Companies have two years to comply with new European data privacy laws, the European Parliament ruled on Thursday afternoon.
Once the new General Data Protection Regulation law takes effect in 2018, however, companies that mismanage citizens' personal data may have to pay fines equaling up to 4% of their worldwide revenue.
Currently, fines for EU data protection violations are very small and unlikely to faze large tech companies like Google or Facebook.
After nearly four years of debate, European Union officials are moving forward on the EU-wide digital privacy law. Known as the General Data Protection Regulation, the law creates a strict new legal framework for how companies can use individuals’ personal information and gives EU countries just one set of rules to follow, replacing a patchwork of 28 different sets of national privacy laws.
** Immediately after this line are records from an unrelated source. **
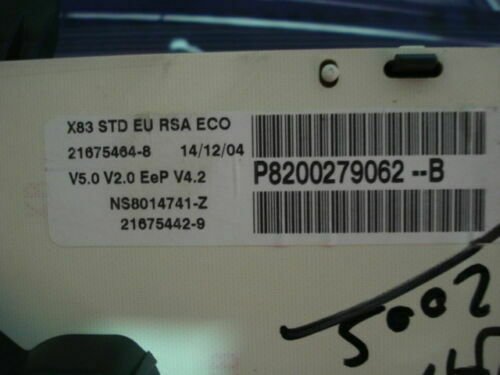 Cuadro de instrumentos Renault Nissan 8200279062B 8200279062-B P8200279062B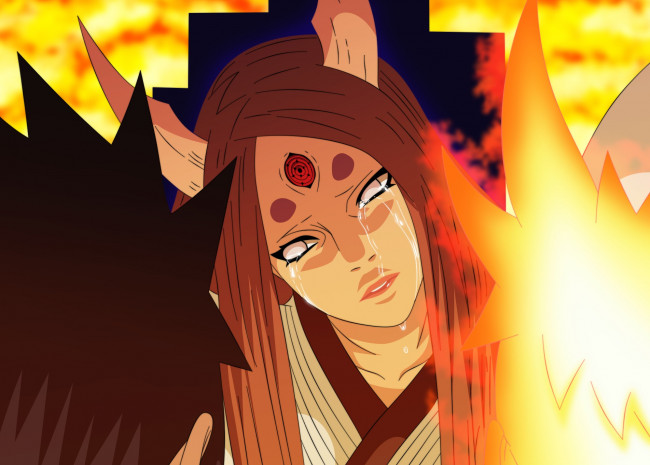 Обои картинки фото аниме, naruto, печаль, кагуя, оотцуцуки, наруто, саске, девушка, manga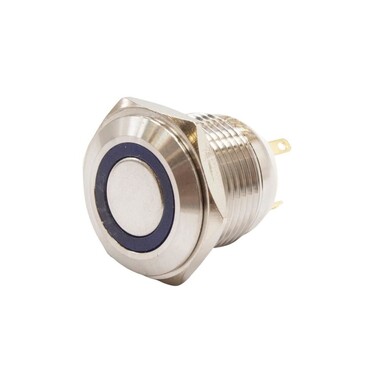  - 16H-P1-E 16mm Düz Yaylı Işıklı Metal Buton - Mavi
GDPR replaces the outdated 1995 Data Protection Directive.
The GDPR will substantially increase fines for companies that violate the rules, but makes it easier for companies that do business across EU borders to comply. But, it will also make some things more difficult for companies. For example, it will no longer permit pre-checked boxes or systems that require people to "opt out of data collection."
The statute also makes some things easier for consumers. For example, people will now be able to move their own data between email providers. And now, the "right to be forgotten" ruling is permanent. In 2014, the EU Court of Justice mandated that people could ask for search engines to remove irrelevant information that appears under a person's name on the Internet.
Some companies have already been preparing for the new EU privacy rules. In February, Google announced it would clean search results across all its websites in European countries when accessed from a European country.
Those most affected by the GDPR will likely be organizations that are currently free from EU data protection laws—namely data processors and those data controllers that are not established in Europe—both of which will find themselves liable for breaches of any EU data they have in their control.